The Epic In Miami: San Diego 41 Miami 38 1981 AFC Divisional Playoff

With the NFL turning 100 this year, it’s impossible not to have great players, great coaches, or great games to look back on. The lasting image in the minds of fans everywhere was this epic shot of Hall of Fame TE Kellen Winslow being helped off the field by T Billy Shields and TE Eric Sievers.

It came at the conclusion of of one of the greatest games in NFL history and was the signature game in a Hall of Fame career.

Yet if we flashed you back to the early 1980’s the San Diego Chargers had the most prolific offense in the history of the NFL. The legend of “Air Coryell” had taken flight with Coach Don coming over from St Louis and took full advantage of the liberal passing rule changes of 1978.

Beginning in 1979 Dan Fouts set the NFL ablaze becoming the first QB since Joe Namath in ’68 to throw for more than 4,000 yards in a season. His 4,082 yards in ’79, 4,715 in ’80, and finally 4,802 in ’81 were all NFL records as the Chargers chased a championship. Fouts had the league’s best arsenal in acrobatic receiver John Jefferson, route running Charlie Joiner, and the aforementioned Winslow. This was the original “Greatest Show on Turf” as Charger games became all the rage to watch for their ability to score from anywhere at any time. The league struggled to defend them as:

  • The ’79 Chargers were 1st team since the ’70 merger to pass more than run (541 att/481 rush)
  • In ’79, Jefferson (61 rec/ 1,090 yds 10 TDs) & Joiner (72 rec /1,008 yds 4 TDs) became 1st set of 1,000 yd seasons in NFL history. Both made Pro Bowl
  • On 10/19/80 the Chargers were 1st team in history to have both WR and TEs over 100 yds in 44-7 win over NY
  • In ’80 became the 1st team in history with 3- 1,000 yard receivers (Jefferson 1,340 yds, Winslow 1,290, Joiner 1,132) All 3 were Pro Bowl & All Pro…also 1st in NFL history.
  • Chuck Muncie in 1981 set an NFL record with 19 TDs rushing.

Wes Chandler raced 56 yards for a score with a first quarter punt return.

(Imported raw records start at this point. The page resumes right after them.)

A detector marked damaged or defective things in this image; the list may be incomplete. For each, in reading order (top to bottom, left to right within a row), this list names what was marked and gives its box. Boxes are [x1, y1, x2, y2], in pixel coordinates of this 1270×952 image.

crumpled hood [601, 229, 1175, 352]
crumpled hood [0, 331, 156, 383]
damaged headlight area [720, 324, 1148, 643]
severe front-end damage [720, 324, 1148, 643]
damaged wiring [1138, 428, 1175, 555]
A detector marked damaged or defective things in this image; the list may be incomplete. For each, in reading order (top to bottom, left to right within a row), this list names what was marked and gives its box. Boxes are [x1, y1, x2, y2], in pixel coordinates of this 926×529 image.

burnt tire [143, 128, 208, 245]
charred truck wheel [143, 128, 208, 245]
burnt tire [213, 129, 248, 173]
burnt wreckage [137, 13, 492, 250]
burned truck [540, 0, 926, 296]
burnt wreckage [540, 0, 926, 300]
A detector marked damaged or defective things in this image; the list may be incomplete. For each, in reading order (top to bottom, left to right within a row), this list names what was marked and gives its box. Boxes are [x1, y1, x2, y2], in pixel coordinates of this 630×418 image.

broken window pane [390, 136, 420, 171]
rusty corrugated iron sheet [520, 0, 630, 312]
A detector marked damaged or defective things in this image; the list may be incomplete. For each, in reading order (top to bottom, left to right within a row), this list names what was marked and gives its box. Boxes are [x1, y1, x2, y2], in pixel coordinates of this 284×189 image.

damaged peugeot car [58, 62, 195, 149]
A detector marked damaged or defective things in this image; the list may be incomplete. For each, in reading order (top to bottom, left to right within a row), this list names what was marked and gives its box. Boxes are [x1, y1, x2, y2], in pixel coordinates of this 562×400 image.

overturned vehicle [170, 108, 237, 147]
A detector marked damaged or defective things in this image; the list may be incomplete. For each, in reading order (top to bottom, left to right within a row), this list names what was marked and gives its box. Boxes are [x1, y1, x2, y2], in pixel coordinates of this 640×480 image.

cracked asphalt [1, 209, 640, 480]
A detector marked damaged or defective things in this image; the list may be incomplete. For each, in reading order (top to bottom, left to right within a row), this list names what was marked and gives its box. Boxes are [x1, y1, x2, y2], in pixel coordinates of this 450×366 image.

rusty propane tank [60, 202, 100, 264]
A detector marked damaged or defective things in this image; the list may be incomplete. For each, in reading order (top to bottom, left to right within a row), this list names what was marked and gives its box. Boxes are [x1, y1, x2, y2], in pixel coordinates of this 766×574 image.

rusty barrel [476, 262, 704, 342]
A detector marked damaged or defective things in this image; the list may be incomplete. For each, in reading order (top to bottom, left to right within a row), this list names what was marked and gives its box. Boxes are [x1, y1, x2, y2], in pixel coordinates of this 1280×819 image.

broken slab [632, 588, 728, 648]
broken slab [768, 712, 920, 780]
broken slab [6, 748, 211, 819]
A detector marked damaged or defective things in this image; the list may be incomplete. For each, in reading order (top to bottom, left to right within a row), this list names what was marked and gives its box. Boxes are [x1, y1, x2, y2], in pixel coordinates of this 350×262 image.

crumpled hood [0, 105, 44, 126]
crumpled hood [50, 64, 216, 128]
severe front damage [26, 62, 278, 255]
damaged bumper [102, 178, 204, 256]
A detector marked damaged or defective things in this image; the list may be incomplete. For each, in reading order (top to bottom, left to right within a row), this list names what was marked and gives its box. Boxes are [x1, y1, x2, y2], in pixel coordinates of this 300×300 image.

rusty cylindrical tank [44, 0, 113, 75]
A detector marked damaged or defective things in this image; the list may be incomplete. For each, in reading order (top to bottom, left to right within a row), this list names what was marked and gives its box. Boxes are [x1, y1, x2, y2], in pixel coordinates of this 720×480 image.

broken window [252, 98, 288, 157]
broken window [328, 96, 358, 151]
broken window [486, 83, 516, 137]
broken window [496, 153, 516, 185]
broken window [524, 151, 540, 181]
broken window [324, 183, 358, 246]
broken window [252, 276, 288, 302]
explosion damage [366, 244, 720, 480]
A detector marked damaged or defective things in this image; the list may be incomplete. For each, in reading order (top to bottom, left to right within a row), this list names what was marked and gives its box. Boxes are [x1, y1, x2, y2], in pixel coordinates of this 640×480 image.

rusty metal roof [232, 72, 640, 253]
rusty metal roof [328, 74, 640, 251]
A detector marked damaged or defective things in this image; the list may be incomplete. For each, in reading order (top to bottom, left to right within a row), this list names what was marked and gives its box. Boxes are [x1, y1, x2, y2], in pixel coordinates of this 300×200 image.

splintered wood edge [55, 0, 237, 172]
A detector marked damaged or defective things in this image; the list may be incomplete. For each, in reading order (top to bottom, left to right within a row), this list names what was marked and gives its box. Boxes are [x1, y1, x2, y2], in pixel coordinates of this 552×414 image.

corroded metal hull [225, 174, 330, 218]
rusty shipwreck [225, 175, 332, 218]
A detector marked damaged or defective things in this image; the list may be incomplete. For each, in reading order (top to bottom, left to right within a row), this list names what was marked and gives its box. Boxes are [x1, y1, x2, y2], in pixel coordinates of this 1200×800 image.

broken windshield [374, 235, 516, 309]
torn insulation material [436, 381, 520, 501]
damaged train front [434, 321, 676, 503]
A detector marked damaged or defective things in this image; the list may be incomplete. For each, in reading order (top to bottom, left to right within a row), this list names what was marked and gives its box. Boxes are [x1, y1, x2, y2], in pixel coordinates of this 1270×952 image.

The score was 10-0 (SD)
Heinz Kluetmeier

Despite all the records the Chargers couldn’t win in the postseason. They fashioned a 12-4 record in ’79 which included a 35-7 pounding of the eventual champion Steelers. Only to lose 17-14 in one of the biggest upsets in NFL history to a depleted Oiler team. Vernon Perry intercepted Fouts a playoff record 4 times.

The Chargers bounced back in ’80 with an 11-5 record and homefield advantage where they bested Buffalo 20-14. Then fell at home in the AFC Championship 34-27 to the eventual champion Oakland Raiders.

Having fallen to the last two Super Bowl champions the Chargers were on the doorstep although the clock was ticking. Their championship window was closing and once the front office traded All Pro WR John Jefferson to Green Bay and Pro Bowl DE Fred Dean to San Francisco, it appeared shut.

Down in Miami, Don Shula had rebuilt the Miami Dolphins from the smash mouth back to back champions that won Super Bowls VII & VIII. Up until 1980 he still had Hall of Fame QB Bob Griese to lead his offense as a new “No Name Defense” emerged.

The Dolphins made the playoffs in ’78 behind Delvin Williams spectacular 1,258 yard season running the football. In that year Griese was injured for an extended period and the Dolphins won with backup Don Strock. He had a record of 5-2 while outperforming the vet tossing 12 TDs to only 6 interceptions. Griese had a more efficient season when it came to completion percentage and this hurt Strock.

He was hot & cold yet showed enough flash to get on the field but didn’t engender enough confidence to turn the offense over to him. When Griese returned from injury in ’78 and ’79 he always got his job back.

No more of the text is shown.